Trump keeps doing it, and his supporters seem OK with it. 

He calls Black people "Low IQ."

He has used the phrase "low IQ" in reference to U.S. Reps. Maxine Walters, Hakeem Jeffries, and Jasmine Crockett; Vice President Kamala Harris; Chicago Mayor Brandon Johnson; the podcaster known as Charlamange tha God; and Somalis as a group. This week Trump added ESPN host Stephen A. Smith.

Trump is saying aloud an idea that floats in the zeitgeist, that White people are smart, effective, and hard-working, and that Blacks and Hispanics are inferior, criminal, and lazy, a burden to the country. Trump says that DEI hurts the people who have genuine merit, Whites. 

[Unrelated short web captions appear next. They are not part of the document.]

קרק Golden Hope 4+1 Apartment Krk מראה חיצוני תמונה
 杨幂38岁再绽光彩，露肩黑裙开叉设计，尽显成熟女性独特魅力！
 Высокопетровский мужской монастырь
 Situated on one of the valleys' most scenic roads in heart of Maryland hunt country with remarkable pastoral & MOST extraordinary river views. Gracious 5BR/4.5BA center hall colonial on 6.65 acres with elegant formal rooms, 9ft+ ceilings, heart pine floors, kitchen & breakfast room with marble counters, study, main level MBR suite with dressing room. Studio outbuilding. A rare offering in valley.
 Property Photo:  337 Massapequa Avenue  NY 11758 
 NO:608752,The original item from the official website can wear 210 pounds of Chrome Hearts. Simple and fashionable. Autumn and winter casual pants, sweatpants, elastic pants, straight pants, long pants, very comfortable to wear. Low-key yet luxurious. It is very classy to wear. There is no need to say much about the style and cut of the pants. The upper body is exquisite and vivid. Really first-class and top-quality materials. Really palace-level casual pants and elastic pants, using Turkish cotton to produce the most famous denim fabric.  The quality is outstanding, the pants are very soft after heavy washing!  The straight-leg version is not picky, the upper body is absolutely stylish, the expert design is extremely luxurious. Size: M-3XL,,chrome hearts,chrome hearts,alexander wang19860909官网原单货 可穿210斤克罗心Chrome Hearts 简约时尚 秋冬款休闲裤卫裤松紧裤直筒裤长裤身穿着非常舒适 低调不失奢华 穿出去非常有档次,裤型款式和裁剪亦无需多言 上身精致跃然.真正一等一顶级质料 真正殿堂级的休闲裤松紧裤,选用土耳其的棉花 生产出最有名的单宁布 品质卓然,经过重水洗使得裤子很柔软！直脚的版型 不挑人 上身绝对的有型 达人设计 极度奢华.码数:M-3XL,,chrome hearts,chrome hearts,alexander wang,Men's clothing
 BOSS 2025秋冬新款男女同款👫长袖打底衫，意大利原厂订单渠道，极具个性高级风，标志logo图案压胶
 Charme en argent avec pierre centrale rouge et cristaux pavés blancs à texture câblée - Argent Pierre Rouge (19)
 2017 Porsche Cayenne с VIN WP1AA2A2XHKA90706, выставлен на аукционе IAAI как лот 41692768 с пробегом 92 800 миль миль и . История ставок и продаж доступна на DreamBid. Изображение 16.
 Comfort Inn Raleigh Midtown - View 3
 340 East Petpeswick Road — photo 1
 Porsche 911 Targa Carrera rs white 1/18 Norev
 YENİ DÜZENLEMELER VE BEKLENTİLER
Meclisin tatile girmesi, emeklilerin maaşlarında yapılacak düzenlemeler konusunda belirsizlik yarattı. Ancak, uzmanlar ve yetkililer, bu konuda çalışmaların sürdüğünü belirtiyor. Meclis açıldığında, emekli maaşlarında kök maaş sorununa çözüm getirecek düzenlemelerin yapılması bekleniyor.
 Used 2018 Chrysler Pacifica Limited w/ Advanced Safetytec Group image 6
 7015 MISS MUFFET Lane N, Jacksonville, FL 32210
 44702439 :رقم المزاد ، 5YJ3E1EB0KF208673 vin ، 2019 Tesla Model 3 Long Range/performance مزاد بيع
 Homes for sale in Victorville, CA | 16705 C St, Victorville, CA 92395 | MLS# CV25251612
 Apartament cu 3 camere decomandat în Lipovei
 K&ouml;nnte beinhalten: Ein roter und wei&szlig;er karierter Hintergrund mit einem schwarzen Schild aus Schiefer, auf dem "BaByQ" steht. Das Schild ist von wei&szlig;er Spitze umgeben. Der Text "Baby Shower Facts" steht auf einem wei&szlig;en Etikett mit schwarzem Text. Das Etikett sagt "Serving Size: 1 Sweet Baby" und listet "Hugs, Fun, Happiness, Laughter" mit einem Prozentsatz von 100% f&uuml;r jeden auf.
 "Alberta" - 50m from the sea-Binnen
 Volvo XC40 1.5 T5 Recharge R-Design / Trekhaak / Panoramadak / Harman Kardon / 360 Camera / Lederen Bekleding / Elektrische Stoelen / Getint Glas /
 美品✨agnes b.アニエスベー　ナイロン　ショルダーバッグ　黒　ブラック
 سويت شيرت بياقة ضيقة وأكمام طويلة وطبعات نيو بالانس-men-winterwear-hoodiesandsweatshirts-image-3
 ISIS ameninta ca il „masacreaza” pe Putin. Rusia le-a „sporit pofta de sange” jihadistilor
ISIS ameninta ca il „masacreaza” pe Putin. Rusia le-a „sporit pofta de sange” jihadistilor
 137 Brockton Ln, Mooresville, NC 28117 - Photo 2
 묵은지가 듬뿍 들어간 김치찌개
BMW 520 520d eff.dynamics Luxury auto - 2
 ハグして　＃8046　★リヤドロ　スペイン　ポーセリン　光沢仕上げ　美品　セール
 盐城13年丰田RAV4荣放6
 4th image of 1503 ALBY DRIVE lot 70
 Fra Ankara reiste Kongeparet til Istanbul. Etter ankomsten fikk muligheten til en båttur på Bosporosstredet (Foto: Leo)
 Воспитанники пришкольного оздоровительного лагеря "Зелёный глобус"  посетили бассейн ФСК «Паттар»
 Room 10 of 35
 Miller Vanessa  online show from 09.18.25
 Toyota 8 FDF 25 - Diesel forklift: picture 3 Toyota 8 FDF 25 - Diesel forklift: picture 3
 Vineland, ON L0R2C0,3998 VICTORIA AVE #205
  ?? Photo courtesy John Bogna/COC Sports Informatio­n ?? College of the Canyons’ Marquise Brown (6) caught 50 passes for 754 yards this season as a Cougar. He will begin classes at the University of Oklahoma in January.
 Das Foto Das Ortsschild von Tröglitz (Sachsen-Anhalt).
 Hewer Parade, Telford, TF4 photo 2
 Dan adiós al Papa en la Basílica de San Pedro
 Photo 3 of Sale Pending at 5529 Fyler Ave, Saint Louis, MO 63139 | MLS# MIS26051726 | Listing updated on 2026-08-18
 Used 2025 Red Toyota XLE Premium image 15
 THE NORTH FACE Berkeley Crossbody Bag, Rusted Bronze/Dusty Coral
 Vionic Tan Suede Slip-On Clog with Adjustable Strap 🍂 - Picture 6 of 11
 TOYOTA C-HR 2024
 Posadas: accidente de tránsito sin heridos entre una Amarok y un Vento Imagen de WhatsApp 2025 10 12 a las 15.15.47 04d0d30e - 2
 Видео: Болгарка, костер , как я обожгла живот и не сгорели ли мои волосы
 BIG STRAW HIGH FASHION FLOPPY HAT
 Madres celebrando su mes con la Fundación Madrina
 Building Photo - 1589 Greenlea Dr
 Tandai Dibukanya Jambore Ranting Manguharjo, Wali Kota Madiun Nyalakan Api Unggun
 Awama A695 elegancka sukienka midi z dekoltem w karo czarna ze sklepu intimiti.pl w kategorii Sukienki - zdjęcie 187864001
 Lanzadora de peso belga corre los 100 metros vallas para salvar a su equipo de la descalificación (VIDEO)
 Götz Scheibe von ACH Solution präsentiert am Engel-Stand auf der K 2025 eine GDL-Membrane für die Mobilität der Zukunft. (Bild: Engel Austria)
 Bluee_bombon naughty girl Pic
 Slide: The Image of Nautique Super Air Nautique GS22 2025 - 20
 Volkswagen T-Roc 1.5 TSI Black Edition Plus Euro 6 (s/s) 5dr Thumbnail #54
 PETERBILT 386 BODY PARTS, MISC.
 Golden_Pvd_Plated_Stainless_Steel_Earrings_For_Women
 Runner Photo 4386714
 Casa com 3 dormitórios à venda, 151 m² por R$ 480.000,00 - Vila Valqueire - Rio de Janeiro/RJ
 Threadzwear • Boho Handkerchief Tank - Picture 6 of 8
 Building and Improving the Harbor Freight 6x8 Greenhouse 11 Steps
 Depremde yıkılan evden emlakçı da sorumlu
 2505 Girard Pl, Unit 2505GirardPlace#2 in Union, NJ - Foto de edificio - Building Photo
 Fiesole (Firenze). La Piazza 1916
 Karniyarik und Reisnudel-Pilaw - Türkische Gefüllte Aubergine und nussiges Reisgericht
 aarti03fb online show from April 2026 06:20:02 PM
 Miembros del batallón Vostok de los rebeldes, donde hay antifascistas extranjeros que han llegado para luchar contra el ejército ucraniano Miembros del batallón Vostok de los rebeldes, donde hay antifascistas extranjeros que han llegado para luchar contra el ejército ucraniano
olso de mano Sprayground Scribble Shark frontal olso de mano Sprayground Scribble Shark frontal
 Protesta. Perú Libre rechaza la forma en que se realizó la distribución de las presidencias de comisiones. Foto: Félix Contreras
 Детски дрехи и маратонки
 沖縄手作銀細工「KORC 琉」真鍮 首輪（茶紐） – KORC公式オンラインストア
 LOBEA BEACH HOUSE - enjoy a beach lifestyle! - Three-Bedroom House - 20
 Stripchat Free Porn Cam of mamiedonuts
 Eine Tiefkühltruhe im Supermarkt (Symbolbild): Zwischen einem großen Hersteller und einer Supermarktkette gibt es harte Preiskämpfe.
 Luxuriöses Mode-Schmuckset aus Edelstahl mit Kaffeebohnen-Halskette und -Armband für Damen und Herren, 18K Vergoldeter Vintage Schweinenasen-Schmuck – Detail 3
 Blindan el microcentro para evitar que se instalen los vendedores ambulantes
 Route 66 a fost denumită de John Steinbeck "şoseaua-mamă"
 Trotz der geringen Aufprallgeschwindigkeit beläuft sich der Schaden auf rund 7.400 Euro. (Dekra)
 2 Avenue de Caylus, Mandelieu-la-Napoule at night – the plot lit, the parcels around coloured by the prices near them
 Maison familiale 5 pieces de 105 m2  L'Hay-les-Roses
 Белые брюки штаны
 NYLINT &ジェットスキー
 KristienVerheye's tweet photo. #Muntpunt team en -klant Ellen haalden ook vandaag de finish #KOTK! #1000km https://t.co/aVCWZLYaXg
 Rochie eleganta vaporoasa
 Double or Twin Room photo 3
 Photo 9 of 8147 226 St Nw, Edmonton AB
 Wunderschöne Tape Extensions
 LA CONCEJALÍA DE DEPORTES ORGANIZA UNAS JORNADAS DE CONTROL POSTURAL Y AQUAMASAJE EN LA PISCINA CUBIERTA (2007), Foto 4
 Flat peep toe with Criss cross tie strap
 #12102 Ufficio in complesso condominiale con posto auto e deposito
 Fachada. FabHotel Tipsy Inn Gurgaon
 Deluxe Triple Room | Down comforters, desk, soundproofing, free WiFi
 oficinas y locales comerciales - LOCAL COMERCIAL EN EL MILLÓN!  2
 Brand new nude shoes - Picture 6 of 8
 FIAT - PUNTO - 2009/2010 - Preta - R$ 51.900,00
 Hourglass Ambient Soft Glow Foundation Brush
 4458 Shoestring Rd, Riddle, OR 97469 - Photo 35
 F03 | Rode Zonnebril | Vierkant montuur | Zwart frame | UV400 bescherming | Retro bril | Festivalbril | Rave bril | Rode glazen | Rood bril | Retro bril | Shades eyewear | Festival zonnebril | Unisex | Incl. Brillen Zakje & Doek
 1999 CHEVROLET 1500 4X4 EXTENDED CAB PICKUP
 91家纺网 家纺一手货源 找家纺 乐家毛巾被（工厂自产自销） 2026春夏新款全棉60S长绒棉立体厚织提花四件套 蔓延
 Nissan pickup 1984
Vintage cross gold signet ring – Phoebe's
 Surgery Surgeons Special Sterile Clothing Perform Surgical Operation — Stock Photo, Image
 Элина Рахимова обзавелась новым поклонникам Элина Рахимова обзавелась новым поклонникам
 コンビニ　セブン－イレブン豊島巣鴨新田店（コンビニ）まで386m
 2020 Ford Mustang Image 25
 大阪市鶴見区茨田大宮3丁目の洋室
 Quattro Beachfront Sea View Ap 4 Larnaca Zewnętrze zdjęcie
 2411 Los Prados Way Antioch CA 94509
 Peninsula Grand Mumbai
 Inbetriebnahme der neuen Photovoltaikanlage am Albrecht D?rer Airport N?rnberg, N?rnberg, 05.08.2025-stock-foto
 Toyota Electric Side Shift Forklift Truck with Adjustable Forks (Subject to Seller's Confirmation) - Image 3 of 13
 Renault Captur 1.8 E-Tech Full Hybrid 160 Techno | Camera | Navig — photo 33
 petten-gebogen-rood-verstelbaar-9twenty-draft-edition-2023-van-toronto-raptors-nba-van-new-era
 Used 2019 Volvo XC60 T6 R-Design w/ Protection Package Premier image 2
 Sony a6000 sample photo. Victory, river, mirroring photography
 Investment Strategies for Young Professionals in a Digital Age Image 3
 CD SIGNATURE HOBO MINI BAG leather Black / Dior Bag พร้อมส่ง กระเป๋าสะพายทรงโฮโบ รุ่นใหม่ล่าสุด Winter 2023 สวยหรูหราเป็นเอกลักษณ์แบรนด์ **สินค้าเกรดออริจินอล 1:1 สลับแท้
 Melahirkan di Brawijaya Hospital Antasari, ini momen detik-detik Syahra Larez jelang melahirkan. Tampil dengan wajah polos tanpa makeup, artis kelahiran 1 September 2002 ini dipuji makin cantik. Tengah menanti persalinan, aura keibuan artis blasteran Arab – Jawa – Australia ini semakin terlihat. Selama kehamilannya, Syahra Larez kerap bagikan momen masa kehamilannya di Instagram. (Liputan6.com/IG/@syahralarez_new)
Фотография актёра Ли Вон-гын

It goes beyond "dog whistle." I am uncomfortable with it. A former reader and active commenter on this blog, a White male attorney, echoed Trump in comments on this blog, repeatedly calling Kamala Harris "low IQ."  I pushed him off the blog by calling him a pathetic nepo-baby who graduated from a third-rate law school practicing in a distressed small-town dogpatch, a loser compared to Kamala Harris whose achievements far outshined his. That worked. He unsubscribed.

Harvard's demographic make-up has changed over the past 55 years. It is a new America, especially visible in supposed meritocracies where bright type-A ambitious people get educated. I estimate that the Harvard I attended in the late 1960s was 88 percent White, 10 percent Black. Of the Whites, maybe 20 percent were Jewish of Ashkenazi heritage. The other two percent were Asians and Hispanics, born in the U.S. 

Current students are perhaps 35 percent Asian. Graduate students in STEM fields appear to have an even higher Asian component. It is an international university now.

In the unscientific survey of 350 people in my college Class of 1971 that I described on Monday, 60 percent said we wanted Harvard to continue to use race and ethnicity as a factor in admissions. Twenty percent did not, and 20 percent were unsure.

I voted yes. Race and ethnicity are salient enough issues that I want the university to manage its ethnic and racial makeup. Leadership capabilities, emotional intelligence, persuasiveness, originality, courage, conscientiousness, and grit are all valuable qualities in a person, a worker, and a citizen. They aren't subject to objective meritorious scoring.

Trump is stuck in an imagined past, voiced by Ronald Reagan, with his trope about the Black "welfare queen" and the idea of White male disadvantage. Trump's premise is that objective "meritocracy" would favor his team: White Americans. Maybe not. The people who baffled me by presenting their research on mimicking human thought with artificial intelligence were not White. Two were from South Asia (India); one was from East Asia (China.)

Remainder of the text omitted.